Automatically adjust endpoint capacity based on demand.

Application Auto Scaling

SageMaker uses Application Auto Scaling for endpoints.

Target Tracking Scaling

Scale based on a target metric.

import boto3

asg_client = boto3.client("application-autoscaling")

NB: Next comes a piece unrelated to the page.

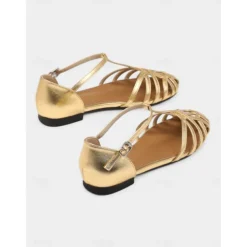 Women's Cream Closed-Toe Strappy Flats – Elegant Gladiator Style Sandals for Casual Wear, Work & Summer Outings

# Register scalable target
asg_client.register_scalable_target(
    ServiceNamespace="sagemaker",
    ResourceId="endpoint/my-endpoint/variant/AllTraffic",
    ScalableDimension="sagemaker:variant:DesiredInstanceCount",
    MinCapacity=1,
    MaxCapacity=10
)

# Create scaling policy
asg_client.put_scaling_policy(
    PolicyName="target-tracking-policy",
    ServiceNamespace="sagemaker",
    ResourceId="endpoint/my-endpoint/variant/AllTraffic",
    ScalableDimension="sagemaker:variant:DesiredInstanceCount",
    PolicyType="TargetTrackingScaling",
    TargetTrackingScalingPolicyConfiguration={
        "TargetValue": 70.0,
        "PredefinedMetricSpecification": {
            "PredefinedMetricType": "SageMakerVariantInvocationsPerInstance"
        },
        "ScaleInCooldown": 300,
        "ScaleOutCooldown": 60
    }
)

Step Scaling

Scale in steps based on alarm thresholds.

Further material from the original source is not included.